While the trio of Johan Santana, J.J. Putz and Francisco Rodriguez combined on a 6-hit, shutout of Milwaukee this afternoon, there’s an highlight from the Mets’  come-from-behind, 5-4 win Friday night that’s stuck in the craw of the New York Daily News’ Fillip Bondy.  Of Mets fans’ rapturous reaction to Gary Sheffield’s 500th career HR, Bondy sneers, “you don’t turn your back on history, even if it is a bit tainted.”

“Everything happens for a reason,” Sheffield would say. “There’s a reason I hit 19 homers instead of 20 last year. Doing it on the biggest stage, it makes it that much more special to me.” Then he talked a bit piously about “a higher purpose” and “a bigger reason.”

Sheffield is only the 25th player to enter the 500 Club, the fourth oldest, yet his accomplishment deserves one of the larger asterisks handed out in the steroid era. His election to the Hall of Fame is far from assured, despite this statistical feat. Sheffield has admitted to using a performance-enhancing cream back in 2001 while claiming he had no idea at the time about its chemical makeup or potency. He is named in the Mitchell Report.
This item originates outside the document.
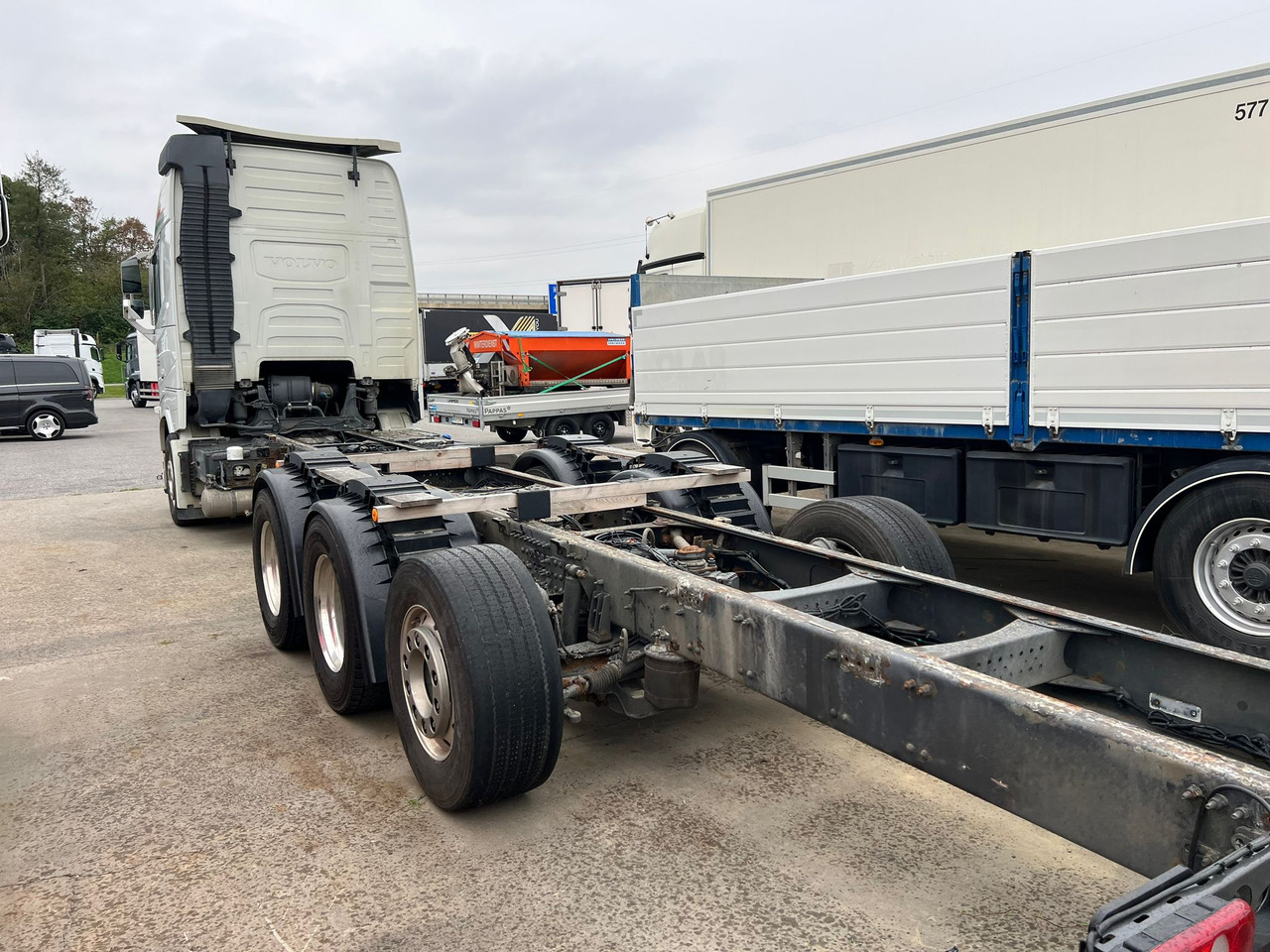 VOLVO FH 540 8x4 Fahrgestell - Φορτηγό σασί: φωτογραφία 3 VOLVO FH 540 8x4 Fahrgestell - Φορτηγό σασί: φωτογραφία 3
His narrative on that subject is about as believable as the tales we have been hearing from Marion Jones and Barry Bonds all these years. Friday night, no reporter was going to bother Sheffield about such things when the slugger showed up at the postgame press conference with two children on his knees and his wife at his side. And again, if you think the crowd at Citi Field cared in the least about any of this in the seventh inning, down a run, then you don’t know much about baseball fans. They’d cheer the cream itself, right there in the container, if they thought it could win them a pennant.